In the world of functional training, the focus on body weight and dynamic movements and exercises means tools like these can make a huge difference to workout progressions and user safety.
5. Sprint Track
A sprint track is something that, despite its name, is not often used for sprinting in a gym environment. More common uses of a sprint track within a functional gym, include walking exercises like lunges or farmer’s walks to mark out the route for safety. Depending on the flooring type, a sprint track might also be used for sled work or tyre flips.
There are a host of dynamic stretching and plyometric exercises for which the sprint track is ideal. However, for the majority of facilities that have installed this type of design, it is used as a way to designate floor space for exercises that require extra room for movement.
Other essential markings: Distance Measurement and Ladders
Measurement markings can be made on the floor to allow trainers to measure progression in areas like flexibility and explosivity. As well as using markings to assess general strength and stability in different positions, trainers can make use of specific markings to give an indication of progression in tests such as standing long jump and the two and three hop tests for horizontal power.
Depending on the distance available, these can also be used to measure an athlete's throwing or pushing distance, and used as markers over time.
Ladders are a great training tool for sports where agility plays a big role.
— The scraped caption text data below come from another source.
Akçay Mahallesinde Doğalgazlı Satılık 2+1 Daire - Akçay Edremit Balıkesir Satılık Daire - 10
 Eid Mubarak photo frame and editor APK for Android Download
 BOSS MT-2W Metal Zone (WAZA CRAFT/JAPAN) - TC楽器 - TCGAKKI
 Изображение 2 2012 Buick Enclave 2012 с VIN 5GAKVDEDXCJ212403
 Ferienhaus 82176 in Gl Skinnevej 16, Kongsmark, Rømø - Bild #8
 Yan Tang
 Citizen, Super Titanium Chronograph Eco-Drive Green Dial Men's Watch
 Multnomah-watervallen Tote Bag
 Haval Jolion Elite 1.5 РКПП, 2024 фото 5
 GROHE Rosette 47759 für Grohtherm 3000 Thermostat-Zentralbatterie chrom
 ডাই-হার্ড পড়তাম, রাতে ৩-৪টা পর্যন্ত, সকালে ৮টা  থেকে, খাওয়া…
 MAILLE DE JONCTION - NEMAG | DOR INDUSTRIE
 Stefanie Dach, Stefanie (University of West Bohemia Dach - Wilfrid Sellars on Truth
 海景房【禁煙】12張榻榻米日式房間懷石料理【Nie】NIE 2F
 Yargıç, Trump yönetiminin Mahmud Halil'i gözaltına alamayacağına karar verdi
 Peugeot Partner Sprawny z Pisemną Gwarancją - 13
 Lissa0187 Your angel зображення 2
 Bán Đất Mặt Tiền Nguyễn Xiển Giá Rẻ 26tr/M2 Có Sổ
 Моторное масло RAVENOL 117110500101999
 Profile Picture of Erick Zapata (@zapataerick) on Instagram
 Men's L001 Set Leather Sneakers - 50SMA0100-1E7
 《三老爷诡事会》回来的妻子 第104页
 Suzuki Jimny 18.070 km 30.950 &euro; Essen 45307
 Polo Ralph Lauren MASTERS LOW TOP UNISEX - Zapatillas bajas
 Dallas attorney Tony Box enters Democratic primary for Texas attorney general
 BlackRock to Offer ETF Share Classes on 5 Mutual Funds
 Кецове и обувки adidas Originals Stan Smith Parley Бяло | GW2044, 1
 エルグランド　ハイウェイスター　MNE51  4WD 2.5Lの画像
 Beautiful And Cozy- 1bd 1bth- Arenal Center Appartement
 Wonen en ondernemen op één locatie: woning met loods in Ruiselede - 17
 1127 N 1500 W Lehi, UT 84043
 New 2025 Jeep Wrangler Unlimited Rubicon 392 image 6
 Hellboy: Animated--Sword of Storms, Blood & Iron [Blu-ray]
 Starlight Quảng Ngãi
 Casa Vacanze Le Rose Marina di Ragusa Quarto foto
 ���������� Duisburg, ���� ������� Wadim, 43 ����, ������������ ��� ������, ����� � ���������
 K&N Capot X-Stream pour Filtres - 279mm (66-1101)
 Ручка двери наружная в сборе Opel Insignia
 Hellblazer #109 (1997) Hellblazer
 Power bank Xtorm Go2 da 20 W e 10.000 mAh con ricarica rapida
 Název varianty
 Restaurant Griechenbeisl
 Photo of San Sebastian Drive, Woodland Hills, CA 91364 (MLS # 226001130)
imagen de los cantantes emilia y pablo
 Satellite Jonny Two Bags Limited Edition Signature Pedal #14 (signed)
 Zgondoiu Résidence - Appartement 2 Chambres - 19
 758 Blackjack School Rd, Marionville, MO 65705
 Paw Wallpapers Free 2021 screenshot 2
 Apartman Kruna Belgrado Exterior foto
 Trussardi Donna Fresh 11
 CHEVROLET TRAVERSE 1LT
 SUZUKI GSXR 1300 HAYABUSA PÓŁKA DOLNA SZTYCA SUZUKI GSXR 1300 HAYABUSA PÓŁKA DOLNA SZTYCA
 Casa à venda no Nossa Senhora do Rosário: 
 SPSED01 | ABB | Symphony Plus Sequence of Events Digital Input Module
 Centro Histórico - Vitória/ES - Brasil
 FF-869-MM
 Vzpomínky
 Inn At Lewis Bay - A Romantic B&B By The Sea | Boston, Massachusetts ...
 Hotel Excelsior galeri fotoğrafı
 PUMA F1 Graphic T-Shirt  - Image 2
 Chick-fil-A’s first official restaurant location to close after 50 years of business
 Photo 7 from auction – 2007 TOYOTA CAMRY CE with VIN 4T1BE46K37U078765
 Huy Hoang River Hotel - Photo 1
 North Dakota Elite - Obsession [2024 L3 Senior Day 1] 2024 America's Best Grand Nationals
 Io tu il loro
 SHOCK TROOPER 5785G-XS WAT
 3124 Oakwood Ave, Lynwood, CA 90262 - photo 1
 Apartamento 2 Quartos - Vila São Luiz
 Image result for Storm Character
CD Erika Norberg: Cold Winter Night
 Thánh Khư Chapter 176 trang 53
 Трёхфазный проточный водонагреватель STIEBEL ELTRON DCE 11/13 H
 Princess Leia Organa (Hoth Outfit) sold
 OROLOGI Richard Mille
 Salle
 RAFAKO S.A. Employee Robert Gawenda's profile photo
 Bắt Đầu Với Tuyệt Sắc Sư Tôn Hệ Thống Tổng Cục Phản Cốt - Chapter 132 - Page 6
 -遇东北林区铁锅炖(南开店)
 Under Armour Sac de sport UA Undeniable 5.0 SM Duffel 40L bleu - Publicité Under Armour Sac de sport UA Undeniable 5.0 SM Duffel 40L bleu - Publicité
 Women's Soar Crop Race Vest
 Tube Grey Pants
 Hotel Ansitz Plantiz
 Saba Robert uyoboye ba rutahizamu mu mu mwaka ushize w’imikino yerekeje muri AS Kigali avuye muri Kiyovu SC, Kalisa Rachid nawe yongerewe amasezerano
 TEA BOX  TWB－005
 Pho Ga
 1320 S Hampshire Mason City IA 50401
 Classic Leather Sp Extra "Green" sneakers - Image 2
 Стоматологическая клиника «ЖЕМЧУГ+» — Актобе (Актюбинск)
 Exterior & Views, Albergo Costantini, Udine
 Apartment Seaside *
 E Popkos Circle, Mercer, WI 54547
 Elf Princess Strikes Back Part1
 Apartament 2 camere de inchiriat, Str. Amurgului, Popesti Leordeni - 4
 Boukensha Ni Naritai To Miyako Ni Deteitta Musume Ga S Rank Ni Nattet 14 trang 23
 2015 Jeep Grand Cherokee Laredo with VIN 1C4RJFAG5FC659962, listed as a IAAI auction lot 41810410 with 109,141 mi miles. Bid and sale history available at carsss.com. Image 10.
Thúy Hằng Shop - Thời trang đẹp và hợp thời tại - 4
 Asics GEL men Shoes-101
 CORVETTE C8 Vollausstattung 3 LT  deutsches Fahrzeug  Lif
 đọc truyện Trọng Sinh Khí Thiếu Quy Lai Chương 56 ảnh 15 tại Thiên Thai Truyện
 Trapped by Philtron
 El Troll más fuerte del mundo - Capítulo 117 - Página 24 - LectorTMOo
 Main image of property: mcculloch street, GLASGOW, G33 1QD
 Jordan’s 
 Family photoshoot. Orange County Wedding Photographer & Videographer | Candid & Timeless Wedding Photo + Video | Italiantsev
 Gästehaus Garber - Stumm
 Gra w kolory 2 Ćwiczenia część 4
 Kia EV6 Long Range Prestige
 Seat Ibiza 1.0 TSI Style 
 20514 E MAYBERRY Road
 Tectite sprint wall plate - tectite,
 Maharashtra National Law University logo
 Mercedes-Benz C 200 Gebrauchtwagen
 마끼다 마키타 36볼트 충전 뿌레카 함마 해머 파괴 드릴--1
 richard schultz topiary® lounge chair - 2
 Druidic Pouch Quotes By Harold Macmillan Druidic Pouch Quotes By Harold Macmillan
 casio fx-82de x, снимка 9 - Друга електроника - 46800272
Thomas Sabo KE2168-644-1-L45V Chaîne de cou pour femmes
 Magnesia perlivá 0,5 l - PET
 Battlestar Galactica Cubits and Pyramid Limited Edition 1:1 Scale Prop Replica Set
Football, tennis and basketball are only a few examples of sports in which agility ladders are regularly used to practice fast feet exercises.
Markings on the floor save space when it comes to setting up and taking down this type of equipment. They can also be a great indicator for positioning of similar pieces of kit like mini hurdles making sure they are all spaced evenly.
Although it’s not exactly related to a specific exercise, the designs printed on a functional floor space can be used to separate a space into distinct zones or areas; a sprint track is ideal for cordoning off an area which might be used for exercises that are dangerous to other gym users, for example medicine ball throws, kettlebell swings, or power rope movements. In general, all markings can be used to designate spaces and maintain order and safety in an open, unsupervised gym space where functional exercises are encouraged.
To find out more about how you can use floor markings to organise your group sessions, read our "Using Gym Floor Markings to Enhance Your Circuit Sessions" article.
Special Flooring Types
The same way functional flooring markings serve as aids for specific exercises, special flooring types can also be used to create zones or encourage different training styles.
An incredible popular addition to many CrossFit boxes, or functional training areas, is an artificial turf track that can be used for pushing heavy prowlers or sleds along without causing damage to the flooring or equipment.
The same can be said for high impact rubber floor tiles which are ideal for high impact training such as weight lifting. Stretching spaces are another popular zone which can be created using specific floor types. Either simple matting or softer EVA floor tiles can make it an inviting area to sit down and stretch as part of a warm up/cool down or a flexibility workout.